■ ACTION ITEM: Each record should be retyped word for word.

-- STUDY MATERIAL follows --

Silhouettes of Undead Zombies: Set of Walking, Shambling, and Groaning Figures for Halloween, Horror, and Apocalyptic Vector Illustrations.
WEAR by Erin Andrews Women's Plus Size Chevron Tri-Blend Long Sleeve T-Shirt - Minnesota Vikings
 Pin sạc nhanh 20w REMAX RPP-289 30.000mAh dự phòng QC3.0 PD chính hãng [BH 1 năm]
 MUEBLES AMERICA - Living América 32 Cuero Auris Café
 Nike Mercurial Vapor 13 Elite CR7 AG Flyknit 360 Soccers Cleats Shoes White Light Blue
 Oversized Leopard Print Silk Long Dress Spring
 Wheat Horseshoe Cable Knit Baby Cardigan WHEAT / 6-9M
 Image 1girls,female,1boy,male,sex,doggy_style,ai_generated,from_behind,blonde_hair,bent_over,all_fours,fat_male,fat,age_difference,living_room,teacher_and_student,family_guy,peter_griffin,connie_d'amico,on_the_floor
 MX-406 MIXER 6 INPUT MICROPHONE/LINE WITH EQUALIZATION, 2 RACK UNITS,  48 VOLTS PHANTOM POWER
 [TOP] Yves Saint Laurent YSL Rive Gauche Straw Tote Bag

-- STUDY MATERIAL concluded --

■ SOLUTION FOR THIS TASK:
Silhouettes of Undead Zombies: Set of Walking, Shambling, and Groaning Figures for Halloween, Horror, and Apocalyptic Vector Illustrations.
WEAR by Erin Andrews Women's Plus Size Chevron Tri-Blend Long Sleeve T-Shirt - Minnesota Vikings
 Pin sạc nhanh 20w REMAX RPP-289 30.000mAh dự phòng QC3.0 PD chính hãng [BH 1 năm]
 MUEBLES AMERICA - Living América 32 Cuero Auris Café
 Nike Mercurial Vapor 13 Elite CR7 AG Flyknit 360 Soccers Cleats Shoes White Light Blue
 Oversized Leopard Print Silk Long Dress Spring
 Wheat Horseshoe Cable Knit Baby Cardigan WHEAT / 6-9M
 Image 1girls,female,1boy,male,sex,doggy_style,ai_generated,from_behind,blonde_hair,bent_over,all_fours,fat_male,fat,age_difference,living_room,teacher_and_student,family_guy,peter_griffin,connie_d'amico,on_the_floor
 MX-406 MIXER 6 INPUT MICROPHONE/LINE WITH EQUALIZATION, 2 RACK UNITS,  48 VOLTS PHANTOM POWER
 [TOP] Yves Saint Laurent YSL Rive Gauche Straw Tote Bag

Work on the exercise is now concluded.